» Exercise requirements
Make an exact copy of the lines from the one holding "this 800×450 image." through the end of the entries below, both ends kept, and of nothing else. Exclude pictures.

----

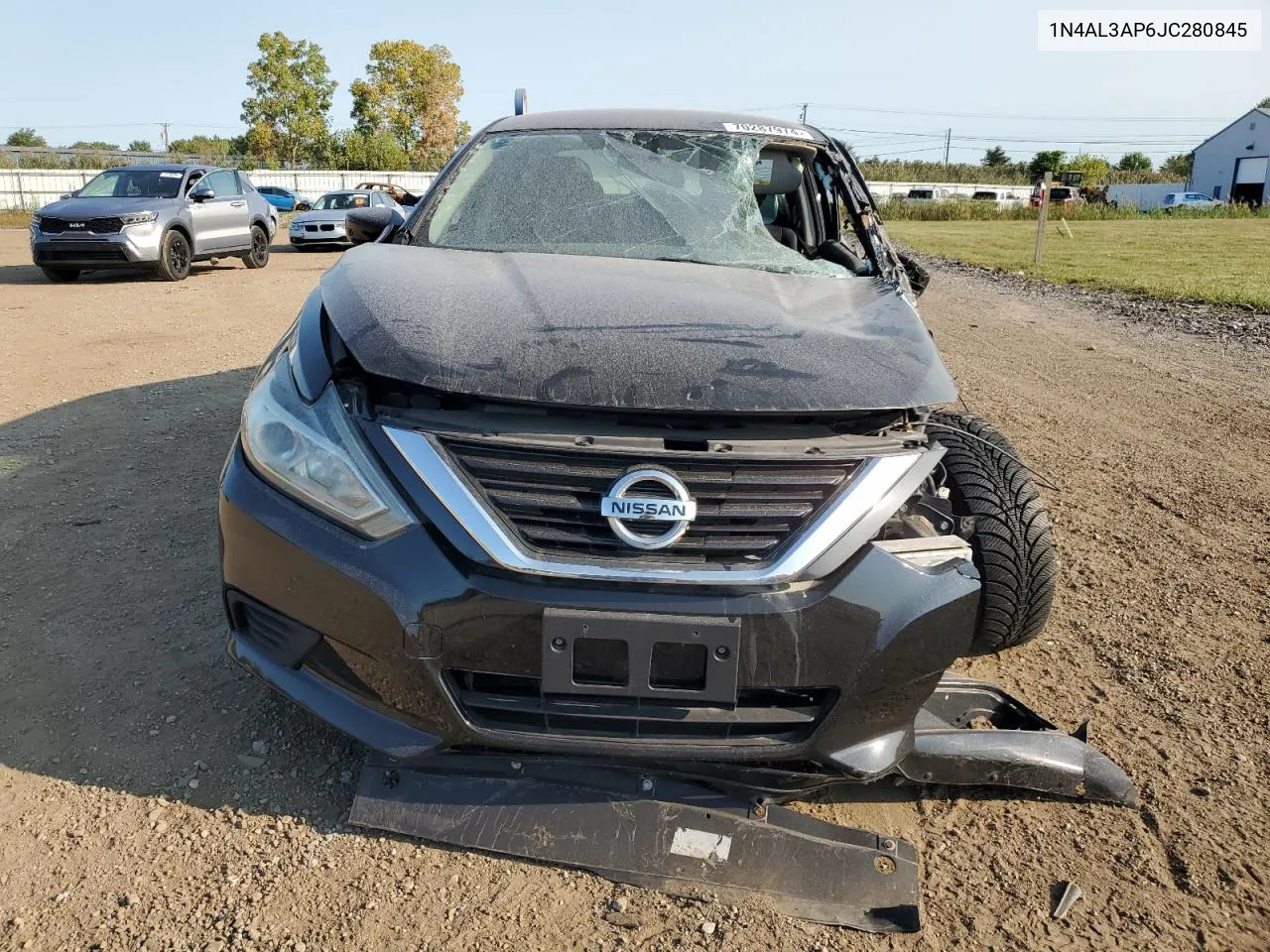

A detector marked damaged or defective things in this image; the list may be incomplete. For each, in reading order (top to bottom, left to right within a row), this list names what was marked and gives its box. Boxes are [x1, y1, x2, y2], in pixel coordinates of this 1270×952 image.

detached tire [156, 230, 190, 283]
shattered windshield [421, 128, 848, 275]
damaged quarter panel [318, 243, 954, 411]
damaged black sedan [218, 109, 1132, 934]
detached tire [929, 411, 1056, 654]
detached bumper piece [352, 756, 919, 934]
detached bumper piece [342, 674, 1137, 934]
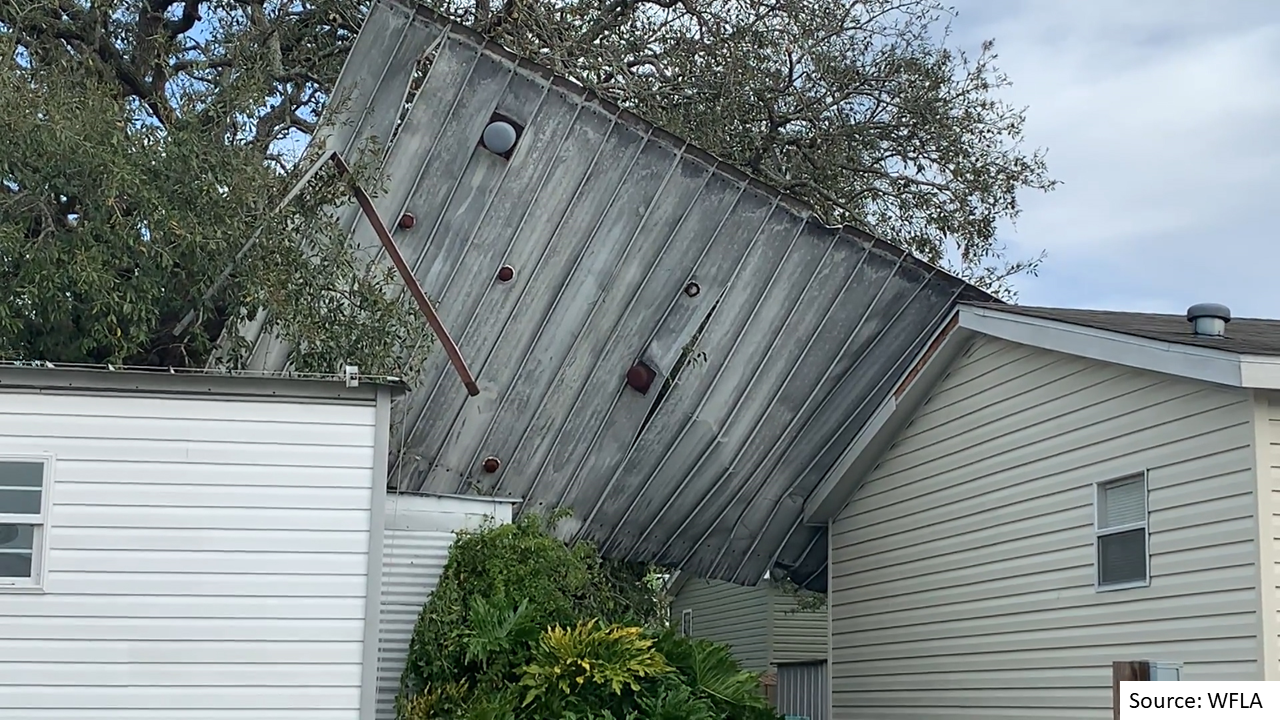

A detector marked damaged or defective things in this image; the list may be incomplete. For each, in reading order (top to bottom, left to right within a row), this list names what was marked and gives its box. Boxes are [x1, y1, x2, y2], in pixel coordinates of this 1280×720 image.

damaged roof panel [242, 0, 1000, 592]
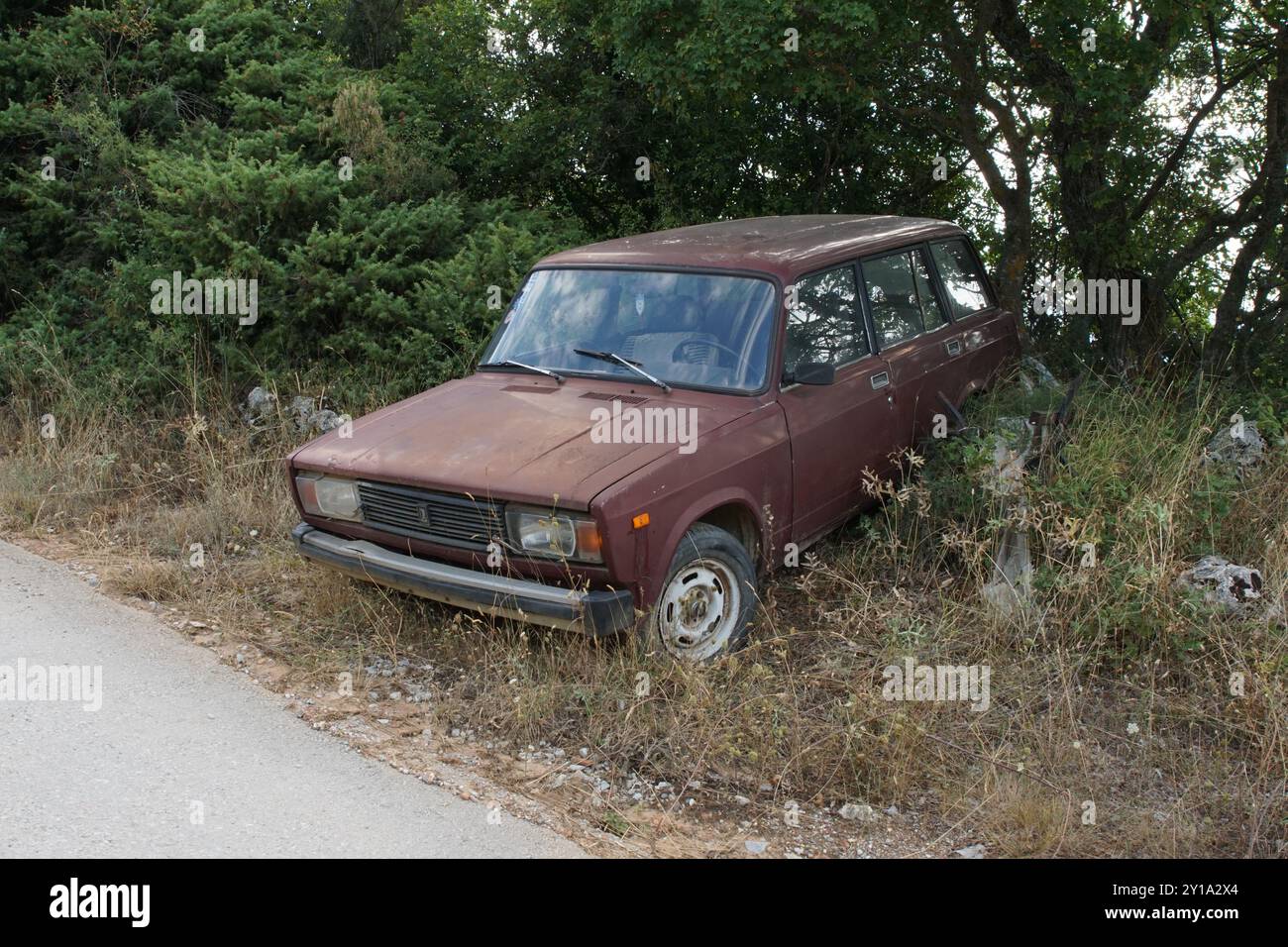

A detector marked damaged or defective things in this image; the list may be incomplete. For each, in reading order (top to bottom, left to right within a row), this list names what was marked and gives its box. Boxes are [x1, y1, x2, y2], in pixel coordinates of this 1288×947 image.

abandoned brown car [289, 215, 1015, 658]
broken side mirror [793, 363, 832, 384]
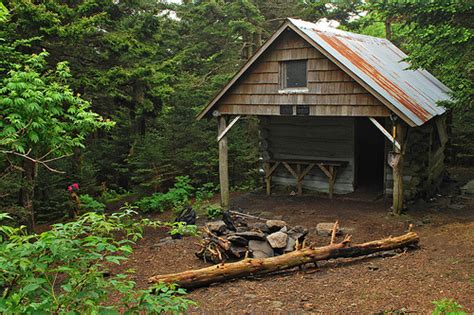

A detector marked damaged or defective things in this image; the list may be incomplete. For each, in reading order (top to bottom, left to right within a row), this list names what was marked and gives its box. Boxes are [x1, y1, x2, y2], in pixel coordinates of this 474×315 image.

rusty roof panel [286, 18, 450, 126]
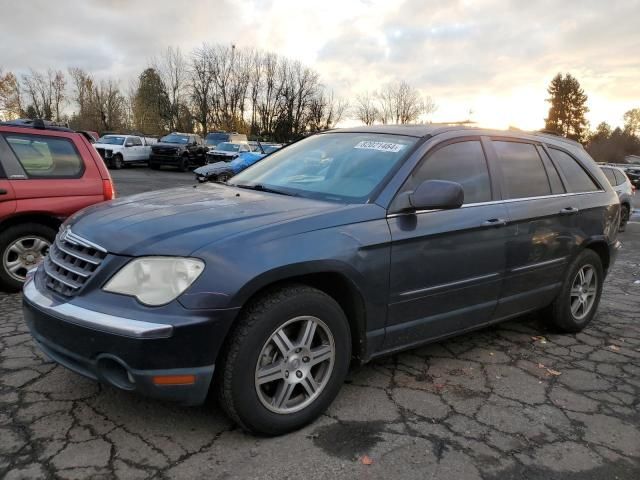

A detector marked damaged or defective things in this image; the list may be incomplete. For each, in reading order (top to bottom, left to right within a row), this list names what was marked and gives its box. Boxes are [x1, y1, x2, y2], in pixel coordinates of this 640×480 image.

cracked asphalt pavement [1, 168, 640, 476]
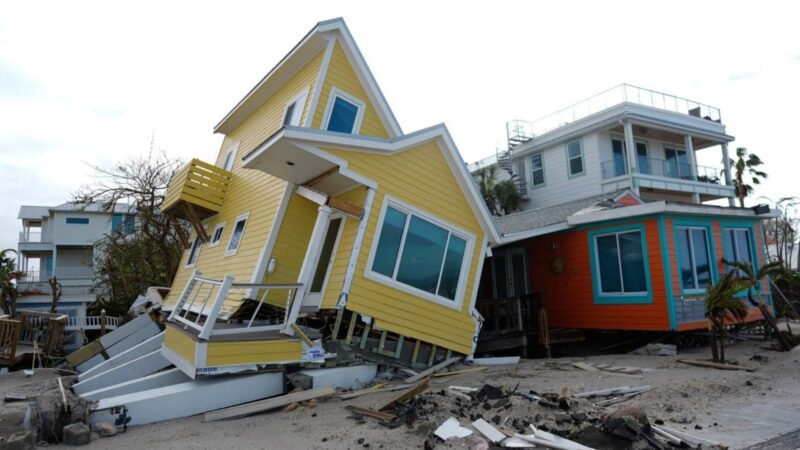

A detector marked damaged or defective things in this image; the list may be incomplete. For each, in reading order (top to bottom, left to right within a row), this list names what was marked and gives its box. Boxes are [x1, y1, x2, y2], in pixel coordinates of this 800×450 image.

broken wooden plank [404, 356, 460, 384]
broken wooden plank [205, 384, 336, 420]
broken stair tread [205, 384, 336, 422]
broken wooden plank [344, 404, 396, 422]
broken stair tread [344, 404, 396, 422]
broken wooden plank [336, 384, 412, 400]
broken wooden plank [376, 378, 428, 410]
broken wooden plank [472, 418, 504, 442]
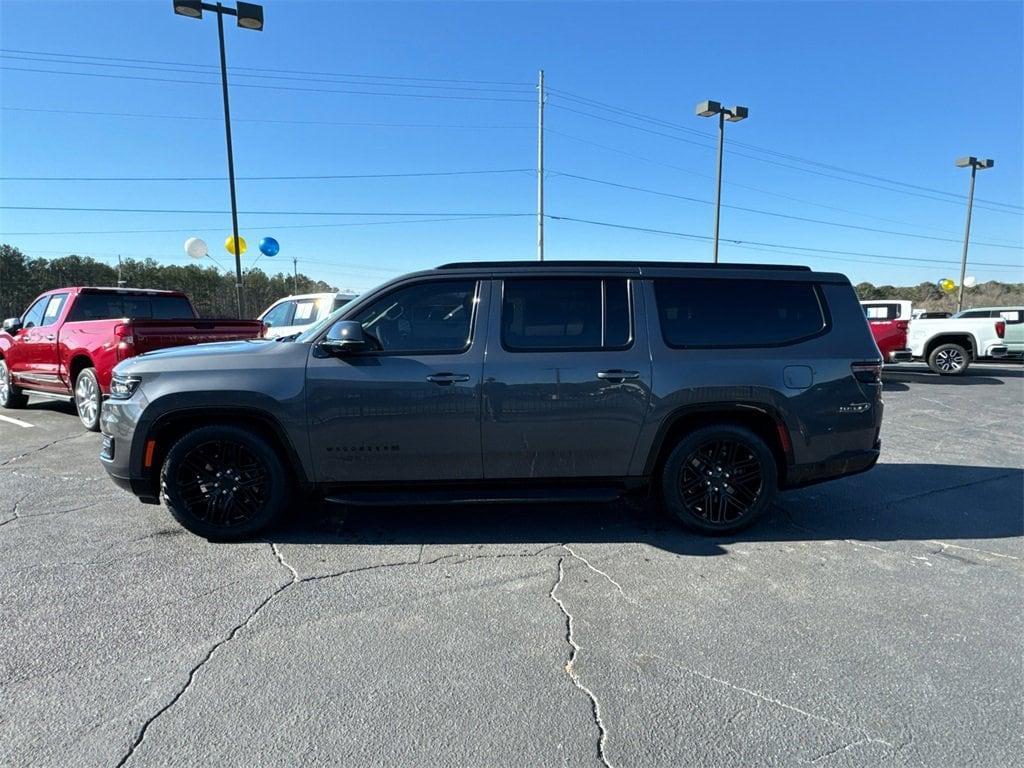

----

» Response box
A detector marked damaged or defective things in this image; the list may be incomplete. For each, in reading order (top to bottom, left to right within a row), this list names what was marked and gives its box. Boxes are [x1, y1, x2, y2], in pixel coordinates of this 800×450 image.

broken wooden plank [404, 356, 460, 384]
broken wooden plank [205, 384, 336, 420]
broken stair tread [205, 384, 336, 422]
broken wooden plank [344, 404, 396, 422]
broken stair tread [344, 404, 396, 422]
broken wooden plank [336, 384, 412, 400]
broken wooden plank [376, 378, 428, 410]
broken wooden plank [472, 418, 504, 442]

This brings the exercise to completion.